Class JaccardSimilarity

java.lang.Object
org.apache.datasketches.theta.JaccardSimilarity

public final class JaccardSimilarity extends Object
Jaccard similarity of two Theta Sketches.
Author:
Lee Rhodes
  • Constructor Summary

    Constructors
    Constructor
    Description
     
  • Method Summary

    Modifier and Type
    Method
    Description
    static boolean
    dissimilarityTest(Sketch measured, Sketch expected, double threshold)
    Tests dissimilarity of a measured Sketch against an expected Sketch.
    static boolean
    exactlyEqual(Sketch sketchA, Sketch sketchB)
    Returns true if the two given sketches have exactly the same hash values and the same theta values.
    static double[]
    jaccard(Sketch sketchA, Sketch sketchB)
    Computes the Jaccard similarity index with upper and lower bounds.
    static boolean
    similarityTest(Sketch measured, Sketch expected, double threshold)
    Tests similarity of a measured Sketch against an expected Sketch.

    Methods inherited from class java.lang.Object

    equals, getClass, hashCode, notify, notifyAll, toString, wait, wait, wait
  • Constructor Details

    • JaccardSimilarity

      public JaccardSimilarity()
  • Method Details

    • jaccard

      public static double[] jaccard(Sketch sketchA, Sketch sketchB)
      Computes the Jaccard similarity index with upper and lower bounds.

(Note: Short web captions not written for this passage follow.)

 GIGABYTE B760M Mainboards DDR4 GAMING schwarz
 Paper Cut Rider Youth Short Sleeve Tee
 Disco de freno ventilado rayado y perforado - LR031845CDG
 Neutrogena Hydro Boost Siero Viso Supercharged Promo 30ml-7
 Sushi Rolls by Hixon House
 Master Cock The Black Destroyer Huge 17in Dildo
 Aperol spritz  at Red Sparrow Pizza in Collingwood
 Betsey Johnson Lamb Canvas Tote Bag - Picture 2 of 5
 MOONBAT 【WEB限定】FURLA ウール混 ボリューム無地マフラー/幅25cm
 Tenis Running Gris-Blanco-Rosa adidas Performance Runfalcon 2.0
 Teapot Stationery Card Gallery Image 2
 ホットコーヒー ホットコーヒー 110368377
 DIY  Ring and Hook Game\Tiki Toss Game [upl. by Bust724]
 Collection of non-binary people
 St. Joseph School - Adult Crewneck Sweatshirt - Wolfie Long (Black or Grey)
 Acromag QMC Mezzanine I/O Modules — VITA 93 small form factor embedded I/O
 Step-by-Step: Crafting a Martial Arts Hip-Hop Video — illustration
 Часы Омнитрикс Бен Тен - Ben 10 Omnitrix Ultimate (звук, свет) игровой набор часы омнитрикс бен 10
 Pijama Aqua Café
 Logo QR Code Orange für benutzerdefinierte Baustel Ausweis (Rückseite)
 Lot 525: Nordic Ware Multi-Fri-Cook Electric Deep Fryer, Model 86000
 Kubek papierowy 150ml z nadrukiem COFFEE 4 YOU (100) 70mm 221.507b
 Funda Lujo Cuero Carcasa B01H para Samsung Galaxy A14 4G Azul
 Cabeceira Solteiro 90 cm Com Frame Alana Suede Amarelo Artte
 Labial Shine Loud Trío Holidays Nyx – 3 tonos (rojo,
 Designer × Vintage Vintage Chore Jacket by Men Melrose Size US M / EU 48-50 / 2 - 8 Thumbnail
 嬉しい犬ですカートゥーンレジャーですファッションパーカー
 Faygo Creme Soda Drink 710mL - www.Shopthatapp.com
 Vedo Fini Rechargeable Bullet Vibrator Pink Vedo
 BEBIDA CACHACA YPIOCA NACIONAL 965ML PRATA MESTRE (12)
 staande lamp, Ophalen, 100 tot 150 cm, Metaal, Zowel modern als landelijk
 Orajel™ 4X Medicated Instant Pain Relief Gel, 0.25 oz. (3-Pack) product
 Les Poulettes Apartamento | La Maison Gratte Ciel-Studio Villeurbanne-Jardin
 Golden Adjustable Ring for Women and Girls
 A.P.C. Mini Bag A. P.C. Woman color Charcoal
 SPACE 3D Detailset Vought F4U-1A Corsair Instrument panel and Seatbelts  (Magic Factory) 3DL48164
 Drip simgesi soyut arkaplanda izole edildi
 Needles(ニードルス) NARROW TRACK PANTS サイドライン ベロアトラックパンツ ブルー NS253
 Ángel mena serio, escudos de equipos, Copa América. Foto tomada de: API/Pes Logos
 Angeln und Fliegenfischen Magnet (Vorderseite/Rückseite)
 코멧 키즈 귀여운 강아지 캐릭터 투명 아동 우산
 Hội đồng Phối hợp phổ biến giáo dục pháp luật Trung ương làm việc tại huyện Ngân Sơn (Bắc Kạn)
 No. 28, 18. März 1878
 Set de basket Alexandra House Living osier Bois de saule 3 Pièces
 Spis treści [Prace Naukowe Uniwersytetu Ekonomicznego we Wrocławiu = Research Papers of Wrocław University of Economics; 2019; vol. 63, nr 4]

The Jaccard similarity index J(A,B) = (A ^ B)/(A U B) is used to measure how similar the two sketches are to each other. If J = 1.0, the sketches are considered equal. If J = 0, the two sketches are distinct from each other. A Jaccard of .95 means the overlap between the two populations is 95% of the union of the two populations.

      Note: For very large pairs of sketches, where the configured nominal entries of the sketches are 2^25 or 2^26, this method may produce unpredictable results.

      Parameters:
      sketchA - given sketch A
      sketchB - given sketch B
      Returns:
      a double array {LowerBound, Estimate, UpperBound} of the Jaccard index. The Upper and Lower bounds are for a confidence interval of 95.4% or +/- 2 standard deviations.
    • exactlyEqual

      public static boolean exactlyEqual(Sketch sketchA, Sketch sketchB)
      Returns true if the two given sketches have exactly the same hash values and the same theta values. Thus, they are equivalent.
      Parameters:
      sketchA - the given sketch A
      sketchB - the given sketch B
      Returns:
      true if the two given sketches have exactly the same hash values and the same theta values.
    • similarityTest

      public static boolean similarityTest(Sketch measured, Sketch expected, double threshold)
      Tests similarity of a measured Sketch against an expected Sketch. Computes the lower bound of the Jaccard index JLB of the measured and expected sketches. if JLB ≥ threshold, then the sketches are considered to be similar with a confidence of 97.7%.
      Parameters:
      measured - the sketch to be tested
      expected - the reference sketch that is considered to be correct.
      threshold - a real value between zero and one.
      Returns:
      if true, the similarity of the two sketches is greater than the given threshold with at least 97.7% confidence.
    • dissimilarityTest

      public static boolean dissimilarityTest(Sketch measured, Sketch expected, double threshold)
      Tests dissimilarity of a measured Sketch against an expected Sketch. Computes the upper bound of the Jaccard index JUB of the measured and expected sketches. if JUB ≤ threshold, then the sketches are considered to be dissimilar with a confidence of 97.7%.
      Parameters:
      measured - the sketch to be tested
      expected - the reference sketch that is considered to be correct.
      threshold - a real value between zero and one.
      Returns:
      if true, the dissimilarity of the two sketches is greater than the given threshold with at least 97.7% confidence.